Cystoscopy may be helpful in the evaluation of the lower urinary tract to rule out cancer, especially bladder cancer, in patients with gross hematuria without another explanation.

CT

Computed tomography(CT) may be helpful in the diagnosis of bladder cancer in a patient with gross hematuria without any obvious etiology. However, ultrasonography plus cystoscopy are usually enough, less costly, and safer as opposed to CT which includes the use of contrast material. Computed tomography(CT) of the kidneys and urinary tract is better than ultrasound in detecting stones in patients with hematuria, and it has the highest sensitivity, at 94% to 98%. Noncontrast helical CT is excellent for the detection of urinary stones.

MRI

Magnetic Resonance Imaging (MRI) is usually not recommended for the evaluation of hematuria.

Ultrasound

Ultrasound may be helpful in the evaluation of hematuria. Ultrasound(US) offers an accurate, noninvasive approach to rule out obstructive uropathy, determine the renal size and cortical thickness, and look for masses or cysts. The availability of a color duplex to assess renal vascular flow and resistance provides additional information regarding renal parenchyma.

Other Imaging Findings

Other imaging studies for hematuria include intravenous urography and endoscopy.

Other Diagnostic Studies

A biopsy may be helpful in the diagnosis of bladder cancer. Transurethral resection of bladder tumor (TURBT) is a procedure for the resection of bladder cancer that also provides a sample for biopsy.
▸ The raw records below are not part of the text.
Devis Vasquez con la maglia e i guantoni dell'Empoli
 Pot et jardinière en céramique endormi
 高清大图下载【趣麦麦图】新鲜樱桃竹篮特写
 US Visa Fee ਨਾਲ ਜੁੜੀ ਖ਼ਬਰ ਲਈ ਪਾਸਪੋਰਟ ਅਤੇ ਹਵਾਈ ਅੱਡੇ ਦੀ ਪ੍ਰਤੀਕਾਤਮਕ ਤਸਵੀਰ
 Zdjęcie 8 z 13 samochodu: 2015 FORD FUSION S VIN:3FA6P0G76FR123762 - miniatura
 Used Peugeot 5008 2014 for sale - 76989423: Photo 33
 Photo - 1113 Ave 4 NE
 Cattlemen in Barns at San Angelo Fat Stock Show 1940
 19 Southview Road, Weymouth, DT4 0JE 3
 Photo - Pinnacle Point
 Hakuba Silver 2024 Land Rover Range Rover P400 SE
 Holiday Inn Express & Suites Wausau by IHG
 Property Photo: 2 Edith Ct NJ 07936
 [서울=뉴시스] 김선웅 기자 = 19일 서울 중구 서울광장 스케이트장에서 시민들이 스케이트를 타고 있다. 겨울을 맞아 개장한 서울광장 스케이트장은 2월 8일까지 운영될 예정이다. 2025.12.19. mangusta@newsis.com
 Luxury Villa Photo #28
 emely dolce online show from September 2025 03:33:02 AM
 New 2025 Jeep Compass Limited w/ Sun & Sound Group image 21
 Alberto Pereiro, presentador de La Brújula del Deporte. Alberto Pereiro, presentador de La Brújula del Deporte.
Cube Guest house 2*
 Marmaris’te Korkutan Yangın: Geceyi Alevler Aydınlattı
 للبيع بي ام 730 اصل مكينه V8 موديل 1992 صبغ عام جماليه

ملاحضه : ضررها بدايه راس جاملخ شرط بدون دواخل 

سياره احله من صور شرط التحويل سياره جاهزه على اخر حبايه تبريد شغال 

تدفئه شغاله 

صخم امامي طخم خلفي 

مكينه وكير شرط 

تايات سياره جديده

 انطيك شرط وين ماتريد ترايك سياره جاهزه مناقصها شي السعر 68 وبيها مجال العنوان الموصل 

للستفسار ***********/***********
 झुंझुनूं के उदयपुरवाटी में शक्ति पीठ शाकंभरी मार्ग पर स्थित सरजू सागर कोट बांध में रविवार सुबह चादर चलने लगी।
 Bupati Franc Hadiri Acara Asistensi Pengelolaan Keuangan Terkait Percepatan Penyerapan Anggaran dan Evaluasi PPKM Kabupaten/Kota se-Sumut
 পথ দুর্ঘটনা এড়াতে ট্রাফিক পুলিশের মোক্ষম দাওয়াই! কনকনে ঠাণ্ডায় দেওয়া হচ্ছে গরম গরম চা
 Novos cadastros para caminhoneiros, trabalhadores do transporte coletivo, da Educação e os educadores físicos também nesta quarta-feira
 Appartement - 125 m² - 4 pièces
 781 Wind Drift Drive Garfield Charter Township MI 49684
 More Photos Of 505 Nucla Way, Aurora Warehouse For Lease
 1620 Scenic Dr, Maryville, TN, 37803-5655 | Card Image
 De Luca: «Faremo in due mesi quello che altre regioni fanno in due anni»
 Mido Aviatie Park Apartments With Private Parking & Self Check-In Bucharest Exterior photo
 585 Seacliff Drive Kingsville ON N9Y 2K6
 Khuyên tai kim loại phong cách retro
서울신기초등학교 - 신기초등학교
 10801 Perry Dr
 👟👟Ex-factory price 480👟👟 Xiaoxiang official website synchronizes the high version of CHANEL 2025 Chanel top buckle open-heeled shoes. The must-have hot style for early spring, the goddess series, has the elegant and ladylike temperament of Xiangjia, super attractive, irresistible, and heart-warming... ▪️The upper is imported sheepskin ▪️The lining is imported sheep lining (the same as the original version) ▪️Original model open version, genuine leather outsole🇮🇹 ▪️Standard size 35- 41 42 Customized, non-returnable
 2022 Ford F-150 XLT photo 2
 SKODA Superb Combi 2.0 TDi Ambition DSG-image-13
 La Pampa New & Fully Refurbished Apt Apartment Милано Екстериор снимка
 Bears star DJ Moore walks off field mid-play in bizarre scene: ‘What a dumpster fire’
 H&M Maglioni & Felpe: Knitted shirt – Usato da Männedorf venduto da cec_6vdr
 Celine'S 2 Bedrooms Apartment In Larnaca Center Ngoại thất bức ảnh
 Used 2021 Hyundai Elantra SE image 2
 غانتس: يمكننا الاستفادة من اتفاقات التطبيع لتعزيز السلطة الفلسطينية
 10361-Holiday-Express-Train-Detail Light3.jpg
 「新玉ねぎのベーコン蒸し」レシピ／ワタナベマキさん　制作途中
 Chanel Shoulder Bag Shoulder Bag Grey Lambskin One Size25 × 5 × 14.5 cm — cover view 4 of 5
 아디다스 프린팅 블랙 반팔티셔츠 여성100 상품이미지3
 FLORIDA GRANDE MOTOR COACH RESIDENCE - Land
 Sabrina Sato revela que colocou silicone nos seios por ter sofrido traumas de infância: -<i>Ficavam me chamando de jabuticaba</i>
Kidney biopsy may be helpful in the diagnosis of glomerular diseases and it might be required in the presence of dysmorphic red blood cells or red blood cell casts.

Treatment

Medical Therapy

The treatment of hematuria is driven by the underlying pathophysiology and the majority of patients recover with supportive therapy. Most common medicines that might be used based on the etiology include hypertension medications, corticosteroids, and immunosuppressive agents.

Interventions

A procedure called plasmapheresis may sometimes be used for glomerulonephritis caused by immune problems.

Surgery

Surgery for hematuria depends on the underlying etiology.

Primary Prevention

There are no established measures for the primary prevention of hematuria.

Secondary Prevention

There are no established measures for the secondary prevention of hematuria.